Short descriptive text snippets:
++++++
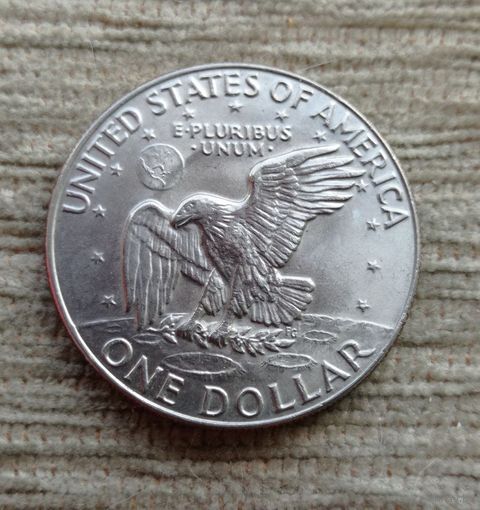 Werty71 США 1 доллар 1974 D Орёл на луне Эйзенхауэр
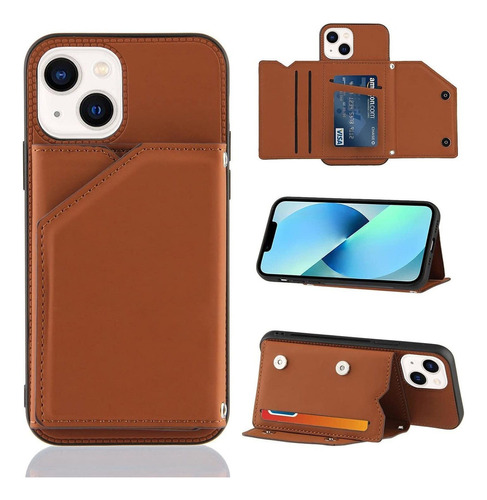 Funda Tipo Cartera Para iPhone 13, [3 Ranuras Para Tarjetas]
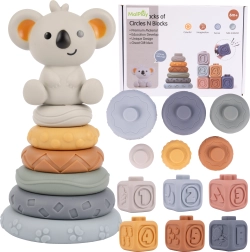 Soft Sensory Blocks and Bear Stacking Tower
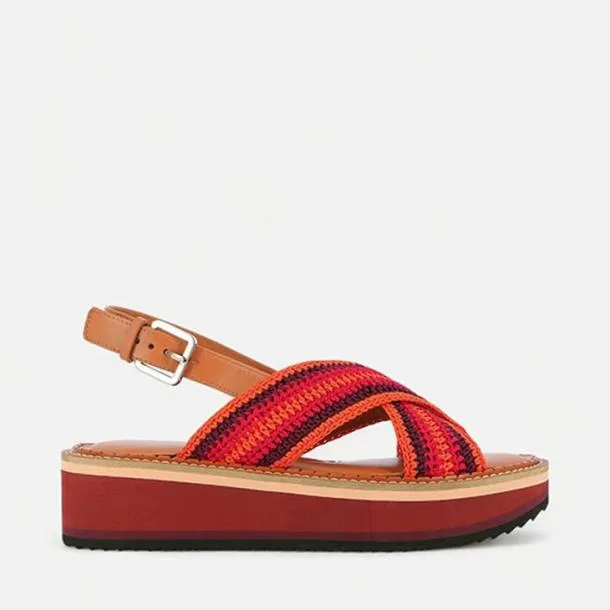 Women FADEN Jaspe Crochet Clergerie Sandals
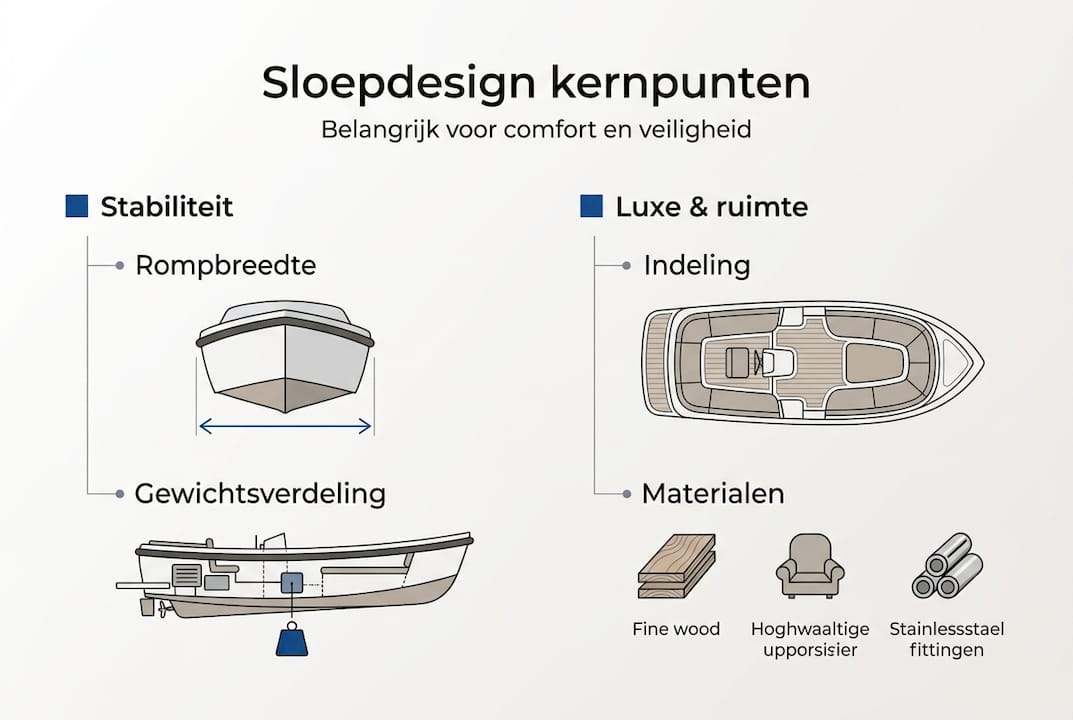 Overzicht: Belangrijkste punten van sloepdesign – comfort en veiligheid centraal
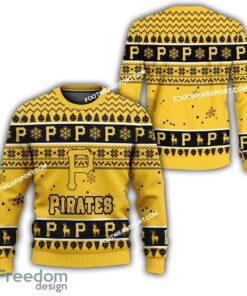 Pittsburgh Pirates Logo Pattern Knitted Christmas Sweater For Fans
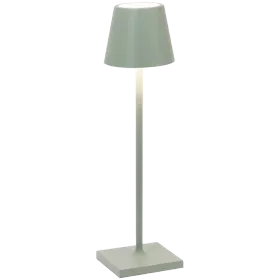 ZAFFERANO POLDINA PRO MICRO TABLE LAMP 70x275mm. SAGE GREEN - 1.8W - DYNAMIC WHITE- — Image №1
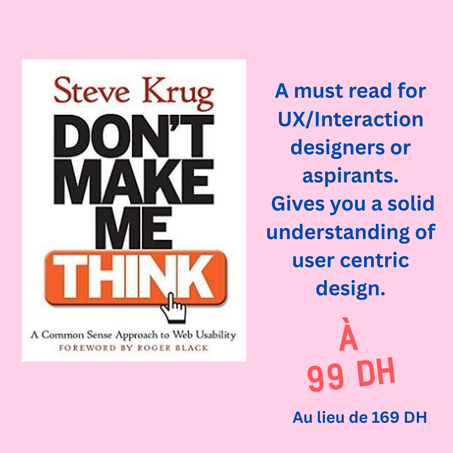 "Don't Make Me Think" by Steve Krug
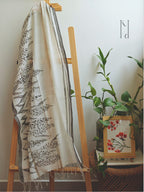Rainforest Muslin Cotton Painted Stole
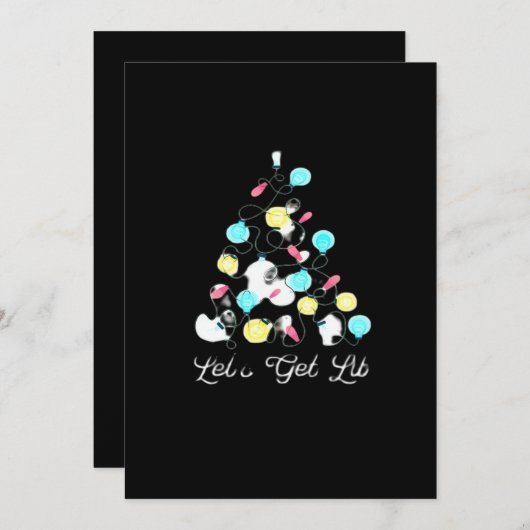 Laten we Kerst Kerstverlichting Lichtgevend Grappi Feestdagenkaart (Voorkant / Achterkant)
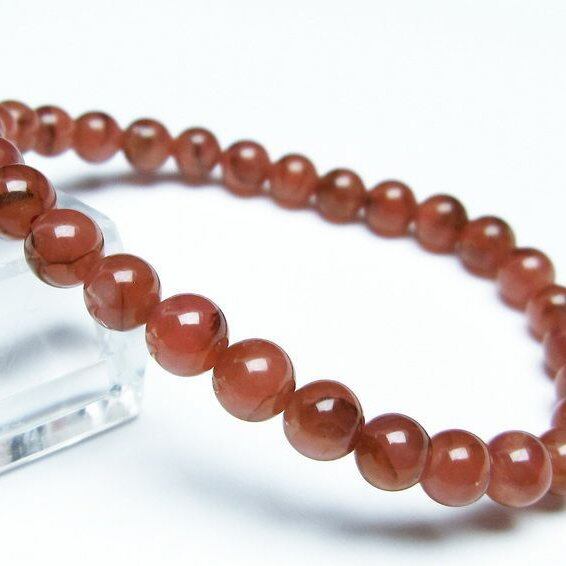 インカローズ ブレスレット 6mm 一点物 メール便送料無料 [M便 1/10] 111-27483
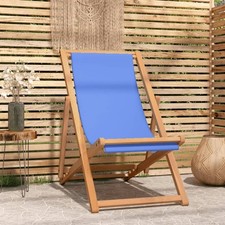 Chaise de Plage Pliable Bois de Teck Solide Gris Fauteuil de Jardin vidaXL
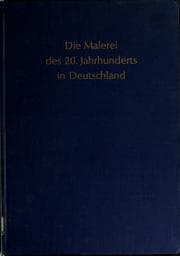 Tapa de Die Malerei des 20. Jahrhunderts in Deutschland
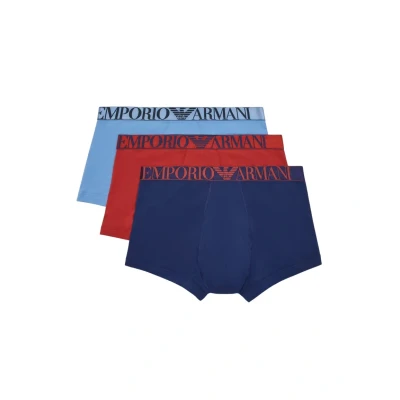 Abbildung von Emporio Armani Dreierpack Panties, Herren, Größe: Small, Blau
++++++
WORK INSTRUCTIONS = Repeat, exactly and in full, each line from the start of the data to the line that contains "Overzicht: Belangrijkste punten". Pictures do not go in.

TASK RESULT =
 Werty71 США 1 доллар 1974 D Орёл на луне Эйзенхауэр
 Funda Tipo Cartera Para iPhone 13, [3 Ranuras Para Tarjetas]
 Soft Sensory Blocks and Bear Stacking Tower
 Women FADEN Jaspe Crochet Clergerie Sandals
 Overzicht: Belangrijkste punten van sloepdesign – comfort en veiligheid centraal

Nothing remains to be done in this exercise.